EXERCISE AIM >>
After locating the line that contains "Welcome. This is", transcribe exactly that line and each one after it until the data ends, skipping pictures.

SOURCE MATERIAL >>
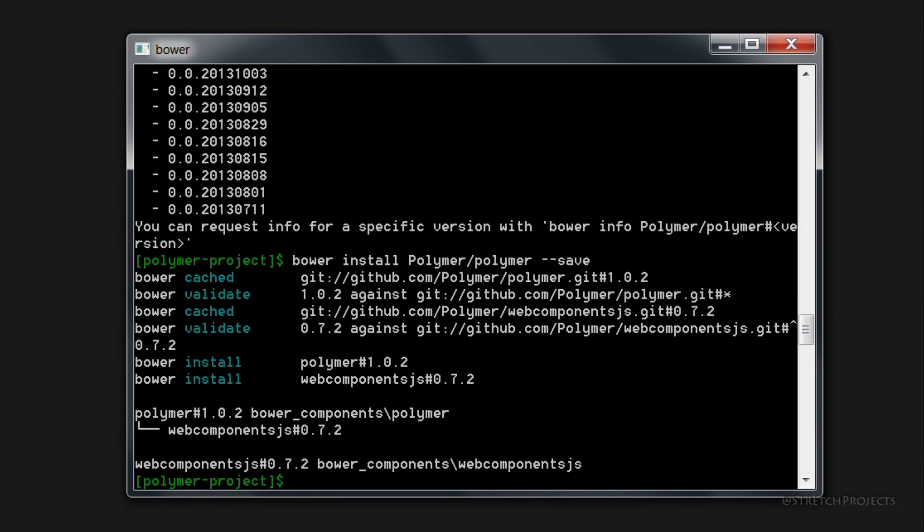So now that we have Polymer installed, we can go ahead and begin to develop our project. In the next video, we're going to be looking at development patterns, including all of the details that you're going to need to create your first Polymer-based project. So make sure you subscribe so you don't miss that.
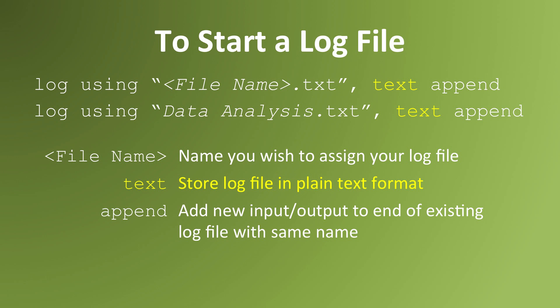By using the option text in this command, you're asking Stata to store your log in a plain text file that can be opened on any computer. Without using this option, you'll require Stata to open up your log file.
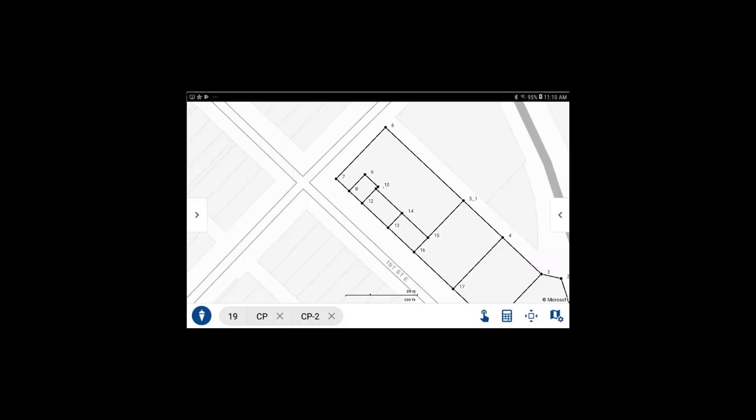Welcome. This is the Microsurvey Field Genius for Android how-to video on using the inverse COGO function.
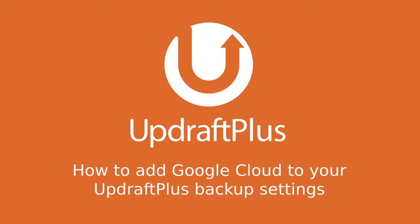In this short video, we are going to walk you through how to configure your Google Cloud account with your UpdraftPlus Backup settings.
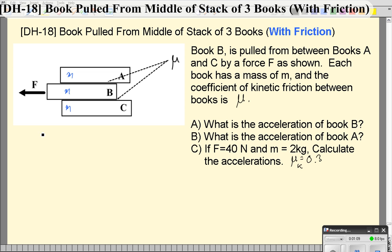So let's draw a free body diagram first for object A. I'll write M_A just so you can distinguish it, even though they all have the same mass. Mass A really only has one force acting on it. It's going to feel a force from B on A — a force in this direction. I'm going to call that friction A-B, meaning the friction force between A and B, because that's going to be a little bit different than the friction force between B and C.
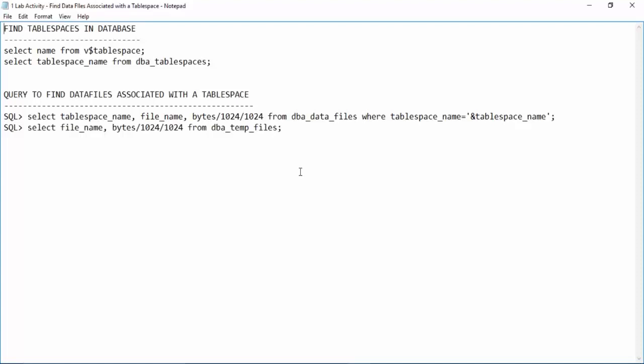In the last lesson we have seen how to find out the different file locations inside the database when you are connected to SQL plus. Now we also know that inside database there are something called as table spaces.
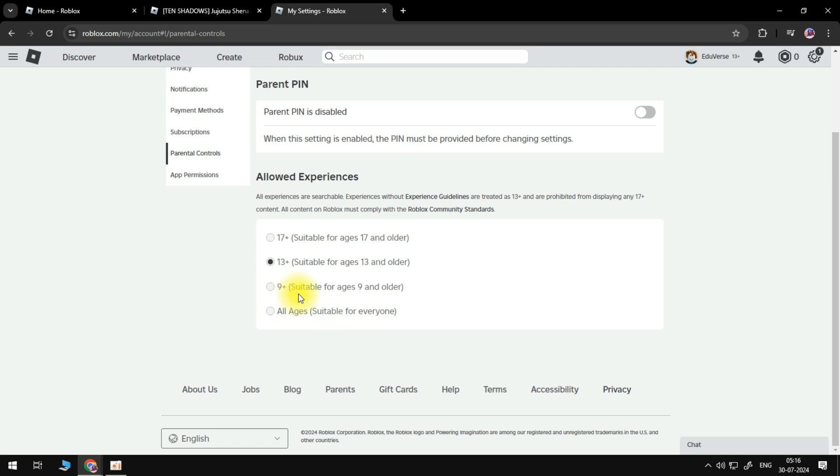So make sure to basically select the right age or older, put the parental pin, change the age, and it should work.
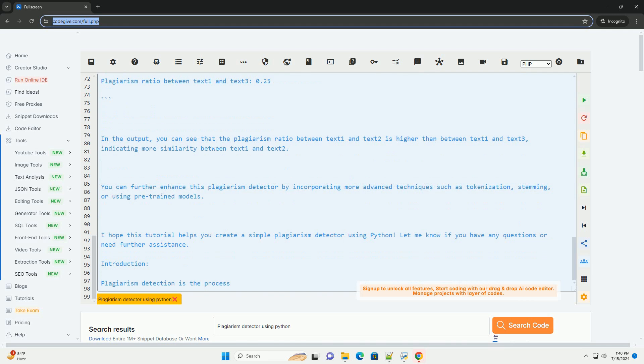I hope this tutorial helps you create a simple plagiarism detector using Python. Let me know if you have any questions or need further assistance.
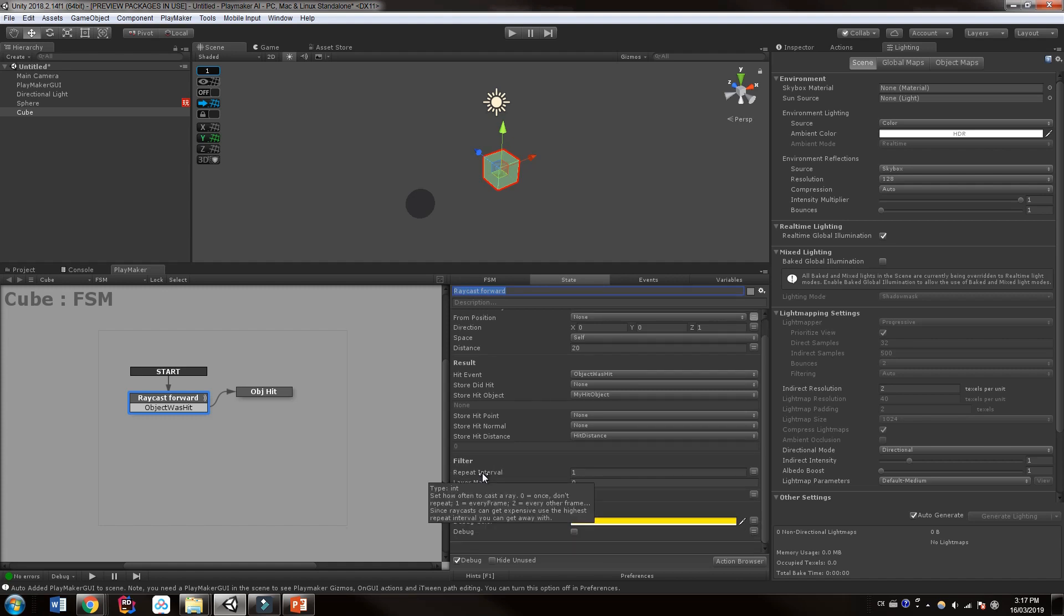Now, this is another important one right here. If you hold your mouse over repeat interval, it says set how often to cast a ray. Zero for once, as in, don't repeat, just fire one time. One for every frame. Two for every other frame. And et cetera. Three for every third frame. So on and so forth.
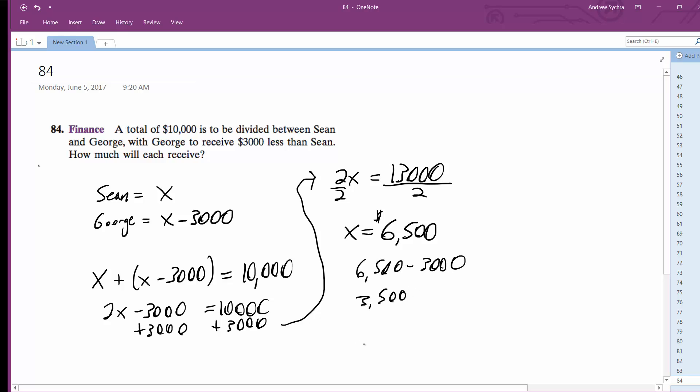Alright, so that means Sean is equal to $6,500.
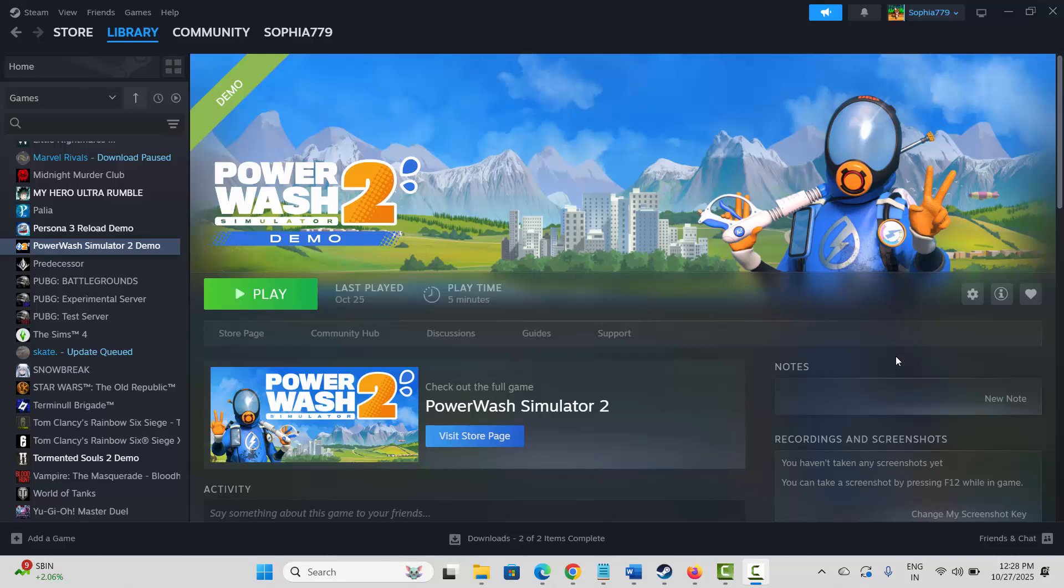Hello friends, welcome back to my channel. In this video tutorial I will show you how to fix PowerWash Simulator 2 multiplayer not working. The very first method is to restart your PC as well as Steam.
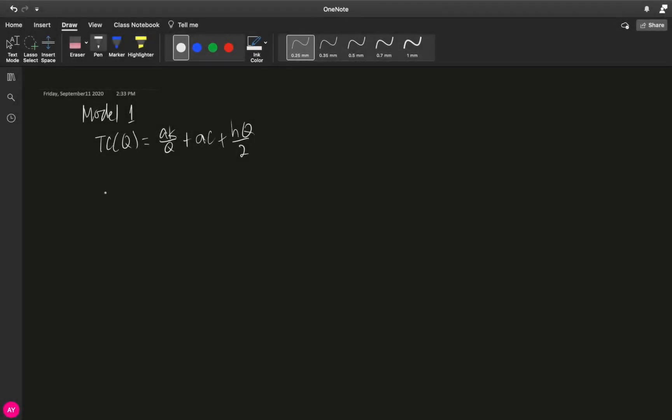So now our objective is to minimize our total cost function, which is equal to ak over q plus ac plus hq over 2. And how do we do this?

WRITTEN ANSWER >>
Welcome. This is the Microsurvey Field Genius for Android how-to video on using the inverse COGO function.
In this short video, we are going to walk you through how to configure your Google Cloud account with your UpdraftPlus Backup settings.
So let's draw a free body diagram first for object A. I'll write M_A just so you can distinguish it, even though they all have the same mass. Mass A really only has one force acting on it. It's going to feel a force from B on A — a force in this direction. I'm going to call that friction A-B, meaning the friction force between A and B, because that's going to be a little bit different than the friction force between B and C.
In the last lesson we have seen how to find out the different file locations inside the database when you are connected to SQL plus. Now we also know that inside database there are something called as table spaces.
So make sure to basically select the right age or older, put the parental pin, change the age, and it should work.
I hope this tutorial helps you create a simple plagiarism detector using Python. Let me know if you have any questions or need further assistance.
Now, this is another important one right here. If you hold your mouse over repeat interval, it says set how often to cast a ray. Zero for once, as in, don't repeat, just fire one time. One for every frame. Two for every other frame. And et cetera. Three for every third frame. So on and so forth.
Alright, so that means Sean is equal to $6,500.
Hello friends, welcome back to my channel. In this video tutorial I will show you how to fix PowerWash Simulator 2 multiplayer not working. The very first method is to restart your PC as well as Steam.
So now our objective is to minimize our total cost function, which is equal to ak over q plus ac plus hq over 2. And how do we do this?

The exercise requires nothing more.